Por Fátima Rodríguez

La literatura de Víctor Hugo Piña Williams es –ha sido- anómala desde que empezó a escribir hace ya unos veinte años, hecha más con el oído que con la pluma, más con la inteligencia de la lengua que con el sentimiento de la palabra. Pero no por ello ignora esos mundos visuales o sentimentales, que no le son ajenos, sino que le son colindantes. No son frecuentes este tipo de autores en español –menciono, por ejemplo, a Cabrera Infante, Julián Rios o a Juan Carvajal– pero lo son en cambio  mucho más frecuentes entre los ingleses y los franceses. Debo decir que esto no resulta natural, ya que el español es una lengua que se presta para ese sentido del oído que se oye en sus raspaduras, en sus crujires, en sus articulaciones no siempre bien conservadas.

Si me pidieran describir la actitud ante la página de Víctor Hugo yo diría que está a la espera, que de pronto algo le brinca en una conversación, en una lectura, en una frase oída de casualidad y fuera de su contexto, y entonces viene el llamado del idioma, se garrapatea –uso la palabra expresamente– algo sobre la página, parece ser una letra que se desdobla en una palabra y después en una frase, no perdón, en un verso. Y en otro, y en otro, y de pronto es un poema, pero un poema que recupera su intención de ser garabato, pero ya no convertido en grafía sino en sonido, es un garabato fónico. Y ese garabato toma la forma, muy prosaica, de una oreja, o bien, más poéticamente cursi, de un caracol, y en su laberinto crea y convoca –escucha- nuevos sonidos, letras, frases –perdón, versos– y regresa a ese origen casi convulsivo del garabato.

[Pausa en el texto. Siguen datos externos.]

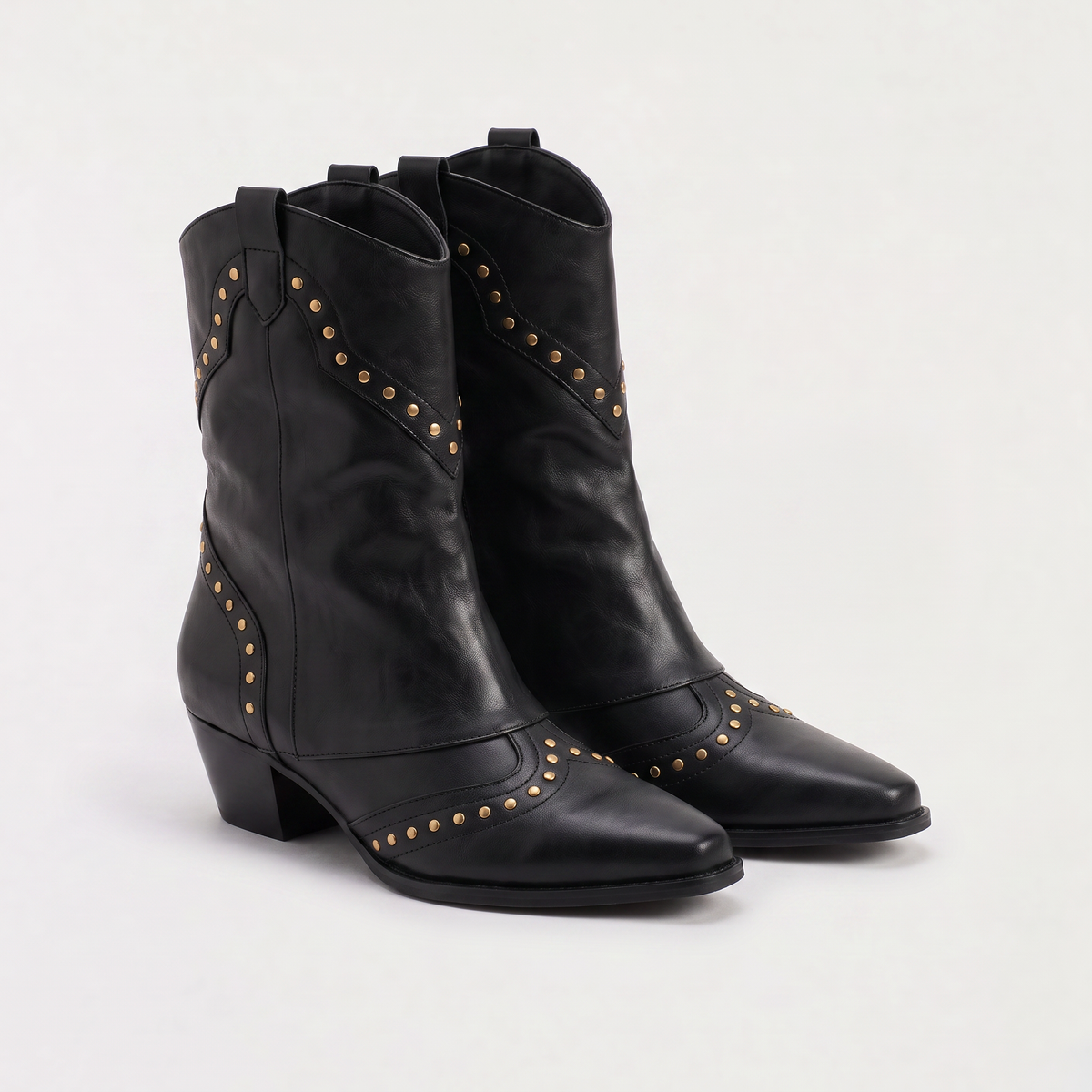 Bottes western plissées à clous décoratifs — Amielle Paris — vue 4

Ahora, ustedes, como yo en algunas ocasiones, no podemos imaginar el garabato sino como barroquismo, exceso de volutas, de rizos, de bucles, pero hay garabatos conceptistas, los de Víctor Hugo pertenecen, sobre todo en el libro que hoy se comenta, a esta segunda vertiente. Tienen algo de abstracción zen, no tanto a la manera de Rothko sino a la manera de Jaspers Johns, con un  lejano eco del action painting. Pero nada tiene que ver con lo espontáneo, o sí, sólo que de regreso, es la espontaneidad la consecuencia de la inteligencia y no al revés. Sólo que su inteligencia es ante todo lingüística, deja que las palabras se magneticen y creen nuevas intenciones en el nombrar.

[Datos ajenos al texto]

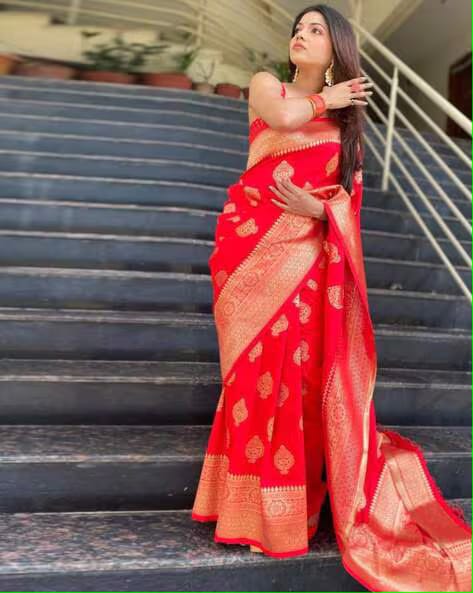 Vamika Weaving Banarasi Jacquard Red Kanjivaram Saree | Grocsy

Cuando se dice que un poeta tiene buen oído casi siempre se piensa en que escucha la melodía en el ruido. No es el caso, aquí lo que se busca es el ruido, su significado, incluso su sentido. Pues si el silencio significa también lo hace el ruido. Sólo que no tenemos dispositivos verbales para convocarlo a la página. Una manera tan extraña de escribir poesía pide que nuestra disposición a escuchar varíe, se ponga en duda la cualificación de lo bello, que define el lugar común de lo poético, y se esté dispuesto a  derivar lo poético hacia la verdad o hacia lo indecible.

No se trata, desde luego, de una verdad verificable, sino de una dimensión de lo vivido. Ciertos escritores vuelven a sacar a flote la potencia expresiva de una lengua, por saturación, pero también por exclusión, por una especie de excavación antropológica en el mismo sentido. Nada que ver con las melopeas tan al uso de un declamador sin maestro pero tampoco con los alardes de un neo barroco excesivamente cargado de polvos y maquillaje. Se trata de una poesía que aspira al decir y no al museo clasicista, depositario de una idea del arte, tampoco al florilegio modernista. Comparte, sí, quien que se precie no, ciertos rasgos de la vanguardia, pero no como un momento histórico, una etapa, sino como una vocación, una actitud de vida, que nos acompaña –por lo menos debería hacerlo- siempre.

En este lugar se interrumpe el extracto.